The worksheet does not let the adjudicator advance without completing every field. The completed worksheet is attached to the candidate file, becomes part of the pre-adverse-action packet sent to the candidate, and is preserved in the audit log.
Six anonymized case studies
Case 1 — The 2009 felony, the 2024 warehouse role
Candidate disclosed a 2009 felony drug possession conviction. Role was order picker at a 1.2M sq ft distribution center, no fiduciary or safety-sensitive component, supervised shifts. Assessment found no nexus; offer extended. Reasoning preserved: 15 years elapsed, single offense, candidate completed probation in 2011, no further contacts, role does not involve cash, controlled substances, or unsupervised access to vulnerable populations.
Case 2 — The recent DUI, the delivery driver role
Candidate's 18-month-old DUI conviction returned. Role required commercial driving. Assessment found direct nexus; adverse action proceeded. Less-restrictive alternative considered: candidate offered a non-driving warehouse role at lower pay; candidate accepted.
Case 3 — The juvenile adjudication
Record returned a 2003 juvenile adjudication when candidate was 16. Assessment flagged that juvenile adjudications are generally not "convictions" under FCRA §605 reportability rules and that EEOC guidance specifically discounts offenses committed during youth. Offense was not considered; offer extended without further assessment.

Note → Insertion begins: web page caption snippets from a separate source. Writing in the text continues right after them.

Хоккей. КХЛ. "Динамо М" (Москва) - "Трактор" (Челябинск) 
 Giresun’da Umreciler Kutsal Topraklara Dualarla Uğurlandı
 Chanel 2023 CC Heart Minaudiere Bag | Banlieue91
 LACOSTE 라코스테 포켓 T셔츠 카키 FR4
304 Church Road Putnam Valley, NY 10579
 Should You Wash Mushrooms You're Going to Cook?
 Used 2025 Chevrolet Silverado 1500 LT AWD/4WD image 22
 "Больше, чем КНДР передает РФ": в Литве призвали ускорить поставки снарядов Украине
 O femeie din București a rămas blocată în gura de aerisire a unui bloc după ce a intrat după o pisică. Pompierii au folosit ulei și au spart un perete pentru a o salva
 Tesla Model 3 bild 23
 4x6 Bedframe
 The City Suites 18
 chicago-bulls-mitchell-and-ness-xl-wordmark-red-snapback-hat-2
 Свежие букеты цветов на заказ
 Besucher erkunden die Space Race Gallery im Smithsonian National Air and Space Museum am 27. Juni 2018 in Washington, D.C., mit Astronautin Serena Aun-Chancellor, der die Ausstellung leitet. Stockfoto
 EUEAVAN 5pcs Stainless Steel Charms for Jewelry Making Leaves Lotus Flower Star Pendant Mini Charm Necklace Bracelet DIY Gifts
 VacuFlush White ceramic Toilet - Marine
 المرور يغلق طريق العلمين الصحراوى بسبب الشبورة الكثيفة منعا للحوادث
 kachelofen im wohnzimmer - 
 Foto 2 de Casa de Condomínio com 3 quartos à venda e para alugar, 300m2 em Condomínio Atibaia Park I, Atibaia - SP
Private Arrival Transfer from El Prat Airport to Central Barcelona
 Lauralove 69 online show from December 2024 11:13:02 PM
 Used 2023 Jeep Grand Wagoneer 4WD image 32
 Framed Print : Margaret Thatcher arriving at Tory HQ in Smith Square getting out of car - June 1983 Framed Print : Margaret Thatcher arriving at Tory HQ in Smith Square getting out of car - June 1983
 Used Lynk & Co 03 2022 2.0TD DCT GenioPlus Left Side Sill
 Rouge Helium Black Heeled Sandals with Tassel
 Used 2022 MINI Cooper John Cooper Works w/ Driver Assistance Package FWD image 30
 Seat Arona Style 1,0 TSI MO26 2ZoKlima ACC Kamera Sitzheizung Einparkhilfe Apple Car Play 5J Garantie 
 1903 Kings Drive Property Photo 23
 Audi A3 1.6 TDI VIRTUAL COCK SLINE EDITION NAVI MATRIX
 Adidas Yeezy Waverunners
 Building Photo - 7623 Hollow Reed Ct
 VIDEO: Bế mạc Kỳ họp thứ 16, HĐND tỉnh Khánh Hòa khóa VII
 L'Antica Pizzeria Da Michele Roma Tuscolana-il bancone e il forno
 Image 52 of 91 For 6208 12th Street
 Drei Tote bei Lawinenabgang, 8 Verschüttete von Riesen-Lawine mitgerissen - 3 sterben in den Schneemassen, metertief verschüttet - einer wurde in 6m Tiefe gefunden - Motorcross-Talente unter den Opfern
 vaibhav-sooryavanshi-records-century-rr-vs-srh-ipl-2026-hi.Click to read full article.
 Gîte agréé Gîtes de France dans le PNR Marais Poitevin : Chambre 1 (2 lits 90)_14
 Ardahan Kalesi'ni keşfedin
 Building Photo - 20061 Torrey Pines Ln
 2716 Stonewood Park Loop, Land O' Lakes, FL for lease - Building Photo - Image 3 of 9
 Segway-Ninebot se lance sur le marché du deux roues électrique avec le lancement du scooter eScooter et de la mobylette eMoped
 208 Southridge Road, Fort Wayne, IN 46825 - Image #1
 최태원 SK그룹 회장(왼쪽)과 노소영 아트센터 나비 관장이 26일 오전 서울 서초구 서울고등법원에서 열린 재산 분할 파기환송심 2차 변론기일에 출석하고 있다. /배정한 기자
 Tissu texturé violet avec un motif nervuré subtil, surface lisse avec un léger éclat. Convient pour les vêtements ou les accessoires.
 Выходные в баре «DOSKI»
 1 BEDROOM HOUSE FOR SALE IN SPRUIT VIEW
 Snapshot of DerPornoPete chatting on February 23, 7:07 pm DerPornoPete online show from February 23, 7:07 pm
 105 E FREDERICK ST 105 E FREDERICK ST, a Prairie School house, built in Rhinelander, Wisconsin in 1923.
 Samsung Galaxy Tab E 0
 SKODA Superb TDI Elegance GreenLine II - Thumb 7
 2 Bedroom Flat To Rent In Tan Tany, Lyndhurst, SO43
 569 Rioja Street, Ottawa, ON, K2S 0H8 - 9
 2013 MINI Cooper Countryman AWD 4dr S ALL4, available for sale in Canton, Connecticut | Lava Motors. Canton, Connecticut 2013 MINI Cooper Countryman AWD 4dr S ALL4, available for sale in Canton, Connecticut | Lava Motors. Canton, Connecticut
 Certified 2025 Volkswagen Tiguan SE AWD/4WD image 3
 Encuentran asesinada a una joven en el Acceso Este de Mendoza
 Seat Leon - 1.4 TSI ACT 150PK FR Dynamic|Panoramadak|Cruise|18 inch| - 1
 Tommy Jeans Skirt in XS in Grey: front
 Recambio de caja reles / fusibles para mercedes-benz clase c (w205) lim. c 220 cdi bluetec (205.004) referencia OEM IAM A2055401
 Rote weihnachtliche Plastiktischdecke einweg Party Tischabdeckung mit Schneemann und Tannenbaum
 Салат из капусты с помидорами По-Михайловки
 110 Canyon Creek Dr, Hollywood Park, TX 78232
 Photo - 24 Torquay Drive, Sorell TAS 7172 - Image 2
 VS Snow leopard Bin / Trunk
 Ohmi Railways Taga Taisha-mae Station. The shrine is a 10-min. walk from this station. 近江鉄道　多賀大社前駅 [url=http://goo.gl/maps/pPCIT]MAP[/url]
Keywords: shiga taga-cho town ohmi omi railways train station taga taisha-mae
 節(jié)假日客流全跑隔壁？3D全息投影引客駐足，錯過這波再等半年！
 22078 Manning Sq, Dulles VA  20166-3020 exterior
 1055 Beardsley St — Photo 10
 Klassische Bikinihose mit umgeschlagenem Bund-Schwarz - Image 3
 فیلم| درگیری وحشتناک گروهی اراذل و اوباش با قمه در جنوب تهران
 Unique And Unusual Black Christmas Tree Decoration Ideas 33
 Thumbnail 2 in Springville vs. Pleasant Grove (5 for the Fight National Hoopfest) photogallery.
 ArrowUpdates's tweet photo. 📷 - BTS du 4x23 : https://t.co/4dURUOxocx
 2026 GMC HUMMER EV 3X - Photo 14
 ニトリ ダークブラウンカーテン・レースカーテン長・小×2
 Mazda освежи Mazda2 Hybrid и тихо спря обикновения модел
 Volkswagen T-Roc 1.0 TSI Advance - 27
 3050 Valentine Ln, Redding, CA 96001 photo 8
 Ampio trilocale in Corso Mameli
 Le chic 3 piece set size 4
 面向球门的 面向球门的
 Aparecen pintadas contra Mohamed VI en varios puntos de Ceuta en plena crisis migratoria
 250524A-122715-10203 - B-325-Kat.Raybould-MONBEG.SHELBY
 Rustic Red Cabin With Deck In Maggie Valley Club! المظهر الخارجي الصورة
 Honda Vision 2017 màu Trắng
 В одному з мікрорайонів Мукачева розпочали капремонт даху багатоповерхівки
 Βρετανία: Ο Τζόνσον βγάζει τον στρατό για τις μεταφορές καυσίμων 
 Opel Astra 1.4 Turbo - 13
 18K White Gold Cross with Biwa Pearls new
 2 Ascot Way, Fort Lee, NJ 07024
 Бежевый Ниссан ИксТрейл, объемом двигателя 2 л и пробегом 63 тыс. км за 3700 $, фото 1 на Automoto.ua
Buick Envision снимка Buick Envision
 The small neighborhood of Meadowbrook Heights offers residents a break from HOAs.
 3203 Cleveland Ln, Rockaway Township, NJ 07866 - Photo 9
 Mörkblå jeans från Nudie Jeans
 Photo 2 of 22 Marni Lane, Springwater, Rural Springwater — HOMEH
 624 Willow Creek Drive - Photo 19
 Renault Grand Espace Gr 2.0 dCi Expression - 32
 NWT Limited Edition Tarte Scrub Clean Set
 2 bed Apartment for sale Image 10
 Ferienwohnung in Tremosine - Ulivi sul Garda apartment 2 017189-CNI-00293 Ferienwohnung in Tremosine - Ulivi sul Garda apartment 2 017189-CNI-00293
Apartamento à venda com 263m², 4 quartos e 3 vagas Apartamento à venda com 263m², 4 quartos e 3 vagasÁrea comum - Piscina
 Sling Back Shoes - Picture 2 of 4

Case 4 — The pattern, not the single offense
Five separate convictions over eight years for theft-related offenses. Role: bank teller. Assessment found a sustained pattern with direct nexus to fiduciary duties. Adverse action proceeded. Worksheet documented the pattern analysis, the recency of the most recent offense (14 months), and the absence of any rehabilitative milestones in the candidate's response.
Case 5 — The expunged record
Candidate's record showed an arrest with no disposition, dating from 2018. SafestHires research confirmed the case had been sealed under state law in 2020. Per FCRA §605(a)(5), sealed records may not be reported by a CRA. Record was removed from the report and the candidate was notified; no assessment required.
Case 6 — The certificate of relief
New York candidate with a 2017 felony conviction held a Certificate of Relief from Disabilities issued by the sentencing court. Per Article 23-A §753(2), this creates a presumption of rehabilitation. Role was customer service; no nexus. Offer extended; assessment cited the certificate.
The audit trail SafestHires generates per match
For every record evaluated, the platform preserves:
- The completed assessment worksheet with timestamps for each field.
- The job description as it existed on the assessment date.
- The candidate's response (if any) and supporting documents they submitted.
- The adjudicator's identity, role, and the matrix outcome they selected.
- Any escalation to a senior reviewer or counsel, with notes.
- The final decision and the decision-maker.
In aggregate, the audit log lets compliance teams answer the question the EEOC actually asks during a charge investigation: "Show us how you assessed this candidate, and show us how that compares to the other 200 candidates you assessed this year with similar records." Pattern evidence is what wins or loses these cases. SafestHires produces the data on request.